> **RECORDS SHOWN**
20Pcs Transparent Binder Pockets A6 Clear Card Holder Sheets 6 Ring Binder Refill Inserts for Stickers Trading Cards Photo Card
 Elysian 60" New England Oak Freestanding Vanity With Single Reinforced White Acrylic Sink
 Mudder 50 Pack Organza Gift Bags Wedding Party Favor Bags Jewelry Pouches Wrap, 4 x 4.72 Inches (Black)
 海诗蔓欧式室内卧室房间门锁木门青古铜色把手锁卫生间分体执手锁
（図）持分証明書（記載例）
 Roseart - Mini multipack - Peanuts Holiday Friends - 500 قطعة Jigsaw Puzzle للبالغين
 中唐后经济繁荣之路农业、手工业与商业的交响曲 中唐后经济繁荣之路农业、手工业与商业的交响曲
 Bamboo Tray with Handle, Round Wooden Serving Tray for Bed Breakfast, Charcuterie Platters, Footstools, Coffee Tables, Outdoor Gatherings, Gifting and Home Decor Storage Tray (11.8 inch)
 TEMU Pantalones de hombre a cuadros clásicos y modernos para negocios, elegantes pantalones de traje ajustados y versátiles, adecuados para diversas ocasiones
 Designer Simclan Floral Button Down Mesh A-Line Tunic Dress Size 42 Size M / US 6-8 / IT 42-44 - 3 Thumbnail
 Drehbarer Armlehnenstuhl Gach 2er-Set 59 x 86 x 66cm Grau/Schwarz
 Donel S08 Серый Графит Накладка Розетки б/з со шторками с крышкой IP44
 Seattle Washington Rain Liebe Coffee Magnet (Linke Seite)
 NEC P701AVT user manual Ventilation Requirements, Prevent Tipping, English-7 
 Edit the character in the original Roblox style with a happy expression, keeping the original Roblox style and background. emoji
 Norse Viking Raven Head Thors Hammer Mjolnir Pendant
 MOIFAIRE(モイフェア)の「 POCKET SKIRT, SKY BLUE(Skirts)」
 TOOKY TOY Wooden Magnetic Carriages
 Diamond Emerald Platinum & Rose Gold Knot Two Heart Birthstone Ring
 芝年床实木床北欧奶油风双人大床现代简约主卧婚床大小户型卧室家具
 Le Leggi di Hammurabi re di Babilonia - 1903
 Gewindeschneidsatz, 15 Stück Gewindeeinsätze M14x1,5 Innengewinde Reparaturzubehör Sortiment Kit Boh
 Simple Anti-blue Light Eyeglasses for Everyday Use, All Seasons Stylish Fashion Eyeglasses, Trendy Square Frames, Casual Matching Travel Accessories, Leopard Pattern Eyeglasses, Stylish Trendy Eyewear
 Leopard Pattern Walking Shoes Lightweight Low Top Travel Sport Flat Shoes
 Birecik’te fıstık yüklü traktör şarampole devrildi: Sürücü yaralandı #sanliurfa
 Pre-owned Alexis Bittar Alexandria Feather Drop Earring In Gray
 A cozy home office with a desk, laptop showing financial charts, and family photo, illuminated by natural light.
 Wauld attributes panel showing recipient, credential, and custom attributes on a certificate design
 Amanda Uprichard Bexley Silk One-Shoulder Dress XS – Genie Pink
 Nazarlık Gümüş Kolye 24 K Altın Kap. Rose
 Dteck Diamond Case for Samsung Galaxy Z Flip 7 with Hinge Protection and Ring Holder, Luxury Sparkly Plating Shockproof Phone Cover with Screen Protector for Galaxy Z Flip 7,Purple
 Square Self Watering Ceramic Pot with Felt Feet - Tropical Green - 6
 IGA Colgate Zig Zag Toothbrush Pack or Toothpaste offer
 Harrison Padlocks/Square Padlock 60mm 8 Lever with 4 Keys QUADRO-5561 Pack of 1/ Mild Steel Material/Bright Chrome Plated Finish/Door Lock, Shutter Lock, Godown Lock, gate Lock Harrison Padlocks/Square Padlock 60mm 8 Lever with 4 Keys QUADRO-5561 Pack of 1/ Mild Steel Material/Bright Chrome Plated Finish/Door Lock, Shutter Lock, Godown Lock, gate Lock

> **ASSIGNMENT**
Retype every line of the listing, word for word, from its opening line to the line that holds "TOOKY TOY Wooden Magnetic Carriages", and include that last line too.

> **SOLUTION FOR THIS TASK**
20Pcs Transparent Binder Pockets A6 Clear Card Holder Sheets 6 Ring Binder Refill Inserts for Stickers Trading Cards Photo Card
 Elysian 60" New England Oak Freestanding Vanity With Single Reinforced White Acrylic Sink
 Mudder 50 Pack Organza Gift Bags Wedding Party Favor Bags Jewelry Pouches Wrap, 4 x 4.72 Inches (Black)
 海诗蔓欧式室内卧室房间门锁木门青古铜色把手锁卫生间分体执手锁
（図）持分証明書（記載例）
 Roseart - Mini multipack - Peanuts Holiday Friends - 500 قطعة Jigsaw Puzzle للبالغين
 中唐后经济繁荣之路农业、手工业与商业的交响曲 中唐后经济繁荣之路农业、手工业与商业的交响曲
 Bamboo Tray with Handle, Round Wooden Serving Tray for Bed Breakfast, Charcuterie Platters, Footstools, Coffee Tables, Outdoor Gatherings, Gifting and Home Decor Storage Tray (11.8 inch)
 TEMU Pantalones de hombre a cuadros clásicos y modernos para negocios, elegantes pantalones de traje ajustados y versátiles, adecuados para diversas ocasiones
 Designer Simclan Floral Button Down Mesh A-Line Tunic Dress Size 42 Size M / US 6-8 / IT 42-44 - 3 Thumbnail
 Drehbarer Armlehnenstuhl Gach 2er-Set 59 x 86 x 66cm Grau/Schwarz
 Donel S08 Серый Графит Накладка Розетки б/з со шторками с крышкой IP44
 Seattle Washington Rain Liebe Coffee Magnet (Linke Seite)
 NEC P701AVT user manual Ventilation Requirements, Prevent Tipping, English-7 
 Edit the character in the original Roblox style with a happy expression, keeping the original Roblox style and background. emoji
 Norse Viking Raven Head Thors Hammer Mjolnir Pendant
 MOIFAIRE(モイフェア)の「 POCKET SKIRT, SKY BLUE(Skirts)」
 TOOKY TOY Wooden Magnetic Carriages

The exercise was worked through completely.